Les tendances qui se manifestent dans le rendu de la face et des parties découvertes du corps s’accusent aussi dans la manière dont est traitée la draperie. « Le sculpteur a cherché ici, avec beaucoup de naïveté et de justesse, à donner quelque idée du relief et de la direction des plis du vêtement. Cette première et timide étude des plis est d’autant plus remarquable que c’est une tentative isolée, qui ne se reproduit ni dans la statuaire égyptienne ni dans la suite de l’art assyrien. Elle témoigne d’un sentiment sculptural que l’art grec seul retrouvera, pour donner au jeu des draperies le magnifique développement que nous connaissons. »

Les figures que nous venons de décrire nous paraissent représenter l’art chaldéen archaïque. Ce que l’on appelle l’archaïsme s’y marque à certains traits qu’il est plus facile de sentir que de définir. Ces figures sont, en général, surtout les figures assises, d’une forme très ramassée ; elles paraissent courtes, comparées non-seulement aux figures élancées de l’époque es Sargonides, mais encore aux robustes figures des bas-reliefs de Nimroud.

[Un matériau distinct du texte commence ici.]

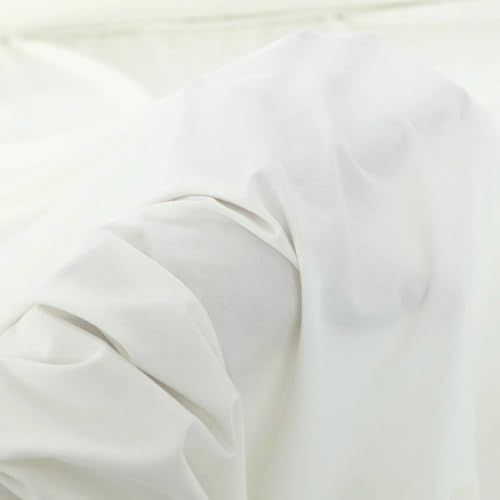 TOLKO Baumwolljersey Jersey Stoff Meterware | Damen Shirt Kleid Rock Hochzeit Jersey Bettwäsche Kinder | Weich elastisch | 160cm breit uni Baumwollstoff Stoffe zum Nähen (Creme Weiß) von TOLKO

Si l’on en juge par certains indices, le cou devait être court et la tête très forte pour le corps, comme on le voit dans une statuette d’albâtre où notre regretté confrère, M. de Longpérier, avait le premier et depuis longtemps reconnu un ouvrage de l’ancien art chaldéen[2]. Le cou et le bas du vêtement dessinent des angles aigus que la sculpture assyrienne

  1. Heuzey. les Fouilles de Chaldée, p. 11.
  2. A de Longpérier, Musée Napoléon III, pl. 2.